Assuming a Boltzmann distribution, the population number density of the emitting level is defined by:

$$N_{A_2}\left(n^{\prime }, {\nu }^{\prime }, K^{\prime }, J^{\prime }, P^{\prime }\right)=\left(\frac{N_{A_2}\left(T\right)}{Q_{A_2}^{\mathrm{int}}\left(T\right)}\right)\varphi \left({2J}^{\prime }+1\right)\exp \left(-\frac{E^{\prime }}{k_{B}T}\right)$$

(9)

$$\mathrm{with} E^{\prime }=\mathit{hc}\left(T_e^{\prime }+G^{\prime }\left({\nu }^{\prime }\right)+F_{\nu }^{\prime }\left(K^{\prime }\right)\right)$$

(10)

where $N_{A_2}\left(T\right)$ is the number density of the molecule A₂, $Q_{A_2}^{\mathrm{int}}\left(T\right)$ is the internal partition function of the molecule A₂ depending on the parity of the level and the spin quantum number, $n^{\prime }$ is the electronic level, and ${\nu }^{\prime }$, $K^{\prime }$, $J^{\prime },$ and $P^{\prime }$ are the vibrational, rotational, sub-rotational, and symmetry quantum numbers, respectively; $E^{\prime }$ is the energy of the level in the Born-Oppenheimer approximation, and $T_e^{\prime }$, $G^{\prime }\left({\nu }^{\prime }\right),$ and $F_{\nu }^{\prime }\left(K^{\prime }\right)$ are the electronic, vibrational, and rotational energies, respectively.

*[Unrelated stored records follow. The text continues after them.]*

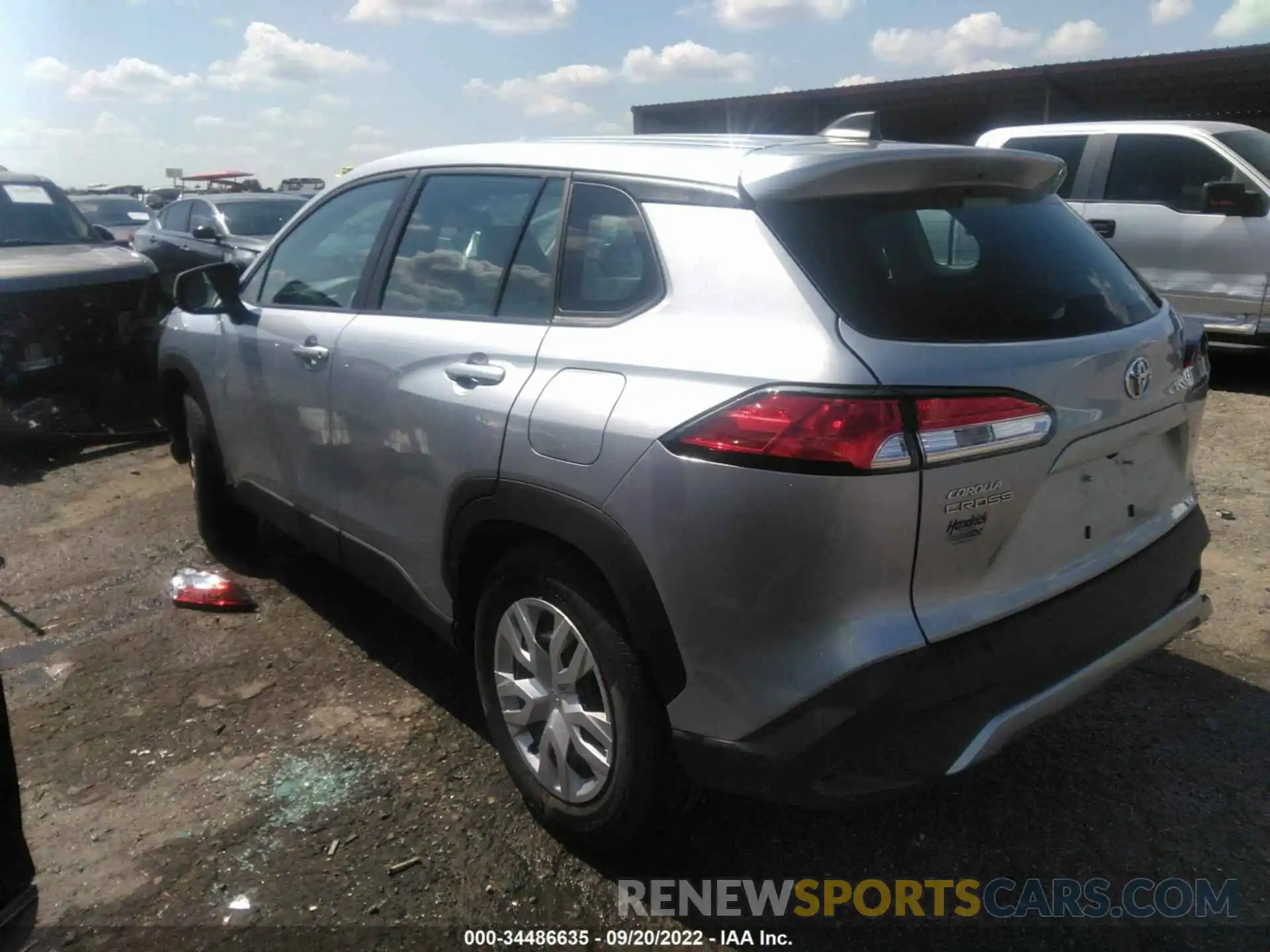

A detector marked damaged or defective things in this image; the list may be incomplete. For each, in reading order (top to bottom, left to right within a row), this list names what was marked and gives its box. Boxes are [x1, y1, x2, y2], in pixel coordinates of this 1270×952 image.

damaged adjacent car [0, 171, 164, 439]
broken tail light [664, 389, 1053, 473] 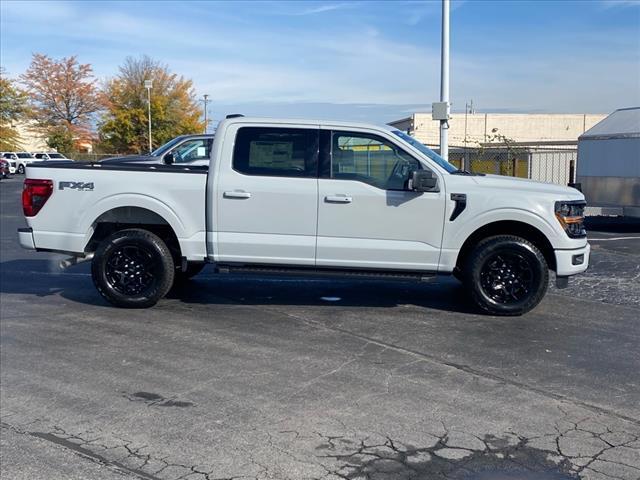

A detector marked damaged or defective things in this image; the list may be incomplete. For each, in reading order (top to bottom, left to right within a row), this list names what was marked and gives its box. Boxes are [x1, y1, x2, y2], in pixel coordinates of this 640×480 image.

cracked pavement [1, 178, 640, 478] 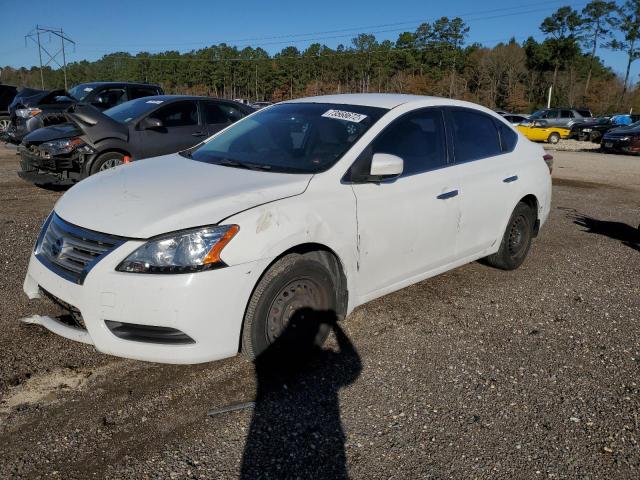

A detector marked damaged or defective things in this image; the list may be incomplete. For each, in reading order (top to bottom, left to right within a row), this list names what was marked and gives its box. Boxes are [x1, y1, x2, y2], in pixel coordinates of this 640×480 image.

The transition probability of a radiative transfer is obtained by the expressions:

$$A_{n^{″}, {\nu }^{″}, K^{″}, J^{″}}^{n^{\prime }, {\nu }^{\prime }, K^{\prime }, J^{\prime }}=A_{n^{″}, {\nu }^{″}}^{n^{\prime }, {\nu }^{\prime }} · A_{K^{″}, J^{″}}^{K^{\prime }, J^{\prime }}$$

(11)

$$\mathrm{with} A_{K^{″}, J^{″}}^{K^{\prime }, J^{\prime }}=\frac{S_{K^{″}, J^{″}}^{K^{\prime }, J^{\prime }}}{2J^{\prime }+1}$$

(12)

where $A_{n^{″}, {\nu }^{″}}^{n^{\prime }, {\nu }^{\prime }}$ is the Einstein coefficient, $A_{K^{″}, J^{″}}^{K^{\prime }, J^{\prime }}$ is the rotational transition probability, and $S_{K^{″}, J^{″}}^{K^{\prime }, J^{\prime }}$ is the Hönl-London factor calculated by Whiting et al. [86]:

$$\sum S_{K^{″}, J^{″}}^{K^{\prime }, J^{\prime }}=\left({2-\delta }_{{0, \mathsf{\Lambda }}^{\prime }}{\delta }_{{0, \mathsf{\Lambda }}^{″}}\right)\left(2S^{\prime }+1\right)\left(2J^{\prime }+1\right)$$

(13)

where ${\delta }_{0, \mathsf{\Lambda }}$ is the Kronecker symbol, whose value is 1 if $\mathsf{\Lambda }=0$ and 0 otherwise, $2S^{\prime }+1$ is the spin multiplicity of the upper electronic state. $\Lambda =\left|M_{\mathrm{L}}\right|$ is the quantum number, with a value between 0 and $L$ (state $\mathsf{\Sigma }\left(\mathsf{\Lambda }=0\right)$, $\mathsf{\Pi }\left(\mathsf{\Lambda }=1\right)$, $\mathsf{\Delta }\left(\mathsf{\Lambda }=2\right)$).

Concerning the broadening phenomena of the diatomic lines, we took into consideration Doppler and collisional broadenings. For the Doppler effects, and in the case of molecules, we used the same formula as an atomic case. For collisional broadenings, it is different since we did not have enough information for all the temperature ranges. Therefore, we systematically used a semi-empirical approximation law to determine the molecular collisional broadenings with an HWHM (Half widths at Half Maximum) ${\gamma }_{\mathrm{L}}$ as a function of the pressure, P. Depending on the wavelength region, we used the recommendation of Breene [87]:

$${\gamma }_{\mathrm{L}}\left({\mathrm{cm}}^{-1}\right){=\gamma }_0\left(T_{\mathrm{ref}}\right)·P·{\left(\frac{T_{\mathrm{ref}}}{T}\right)}^n$$

(14)

The relation (14) has been validated by Sick et al. [88], Lewis et al. [89], and Chauveau [84] for O₂ molecules. The work of Chauveau in air plasmas also indicated the low influence of this approximation on the radiative flux. The relation (14) can be applied because of the large broadenings of the molecular bands due to their high population number densities (leading to a less important role for the wings), because of the weak self-absorption of these molecular lines and because of the strong importance of the Doppler effect in most cases (excepted in the Infrared). Due to these last remarks, we decided to apply it to all the diatomic molecules. We can find that for visible and near IR (for O₂ SR, for example), the values of γ₀, Tref, and n are 0.105, 273, and 0.7, respectively [88,89]; in UV and molecules in Hitran, their values are 0.265, 295, and 0.66, respectively [90]; in IR, they are 0.053, 296, and 0.75, respectively [91].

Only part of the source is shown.